Google to launch Project Loon in Indonesia

October 29, 2015 | 13:38

Tags: #advertising #mesh-network #project-loon

Companies: #google

Advertising giant Google has announced that it is to run a large-scale implementation of its Project Loon balloon-based internet experiment in partnership with the top three mobile networks in Indonesia.

Google's impressive revenues depends entirely on convincing users to use the internet: between its various direct consumer-serving products like Android and Google Search and its indirect services like AdWords it builds up an impressive amount of information which can then be used to offer a terrifyingly detailed behavioural portfolio to advertisers, its real customers. With majority market shares for most of its products, there's only one real way forward for the company if it wants to grow: getting more people online.

It's with this in mind that Google created Project Loon, an experiment in attaching mesh networking routers to balloons flying 20 kilometres above the ground - creating a network infrastructure where no infrastructure previously existed, and significantly more cheaply than digging holes and running cables. In its first large-scale roll-out, Google has teamed up with Indonesian mobile operators Indosat, Telkomsel, and XL Axiata to offer Project Loon connectivity to more than 100 million Indonesians - a vast improvement on the two-in-three who are currently disconnected, and at speeds of which the one-in-three who already have a connection could have only dreamed.

'Many people live in areas without existing Internet infrastructure; on an archipelago of over 17,000 islands, with mountains and jungles, it’s difficult to run fibre optic cable or install mobile phone towers,' explained Google's Mike Cassidy. 'That’s where Loon comes in.

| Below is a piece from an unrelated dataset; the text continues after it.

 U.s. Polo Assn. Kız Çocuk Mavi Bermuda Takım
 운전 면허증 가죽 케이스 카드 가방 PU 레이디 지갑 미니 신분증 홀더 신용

Loon balloons act like floating cell phone towers in the sky. Flying on the winds at altitudes twice as high as commercial planes, each one beams a connection down to the ground; as one balloon drifts out of range, another moves in to take its place. We hope this could help local operators extend the coverage of their existing networks, and reach further into rural and remote areas.'

Cassidy has said that the roll-out will begin some time next year, but has not yet offered a firm launch date for IP-over-balloons.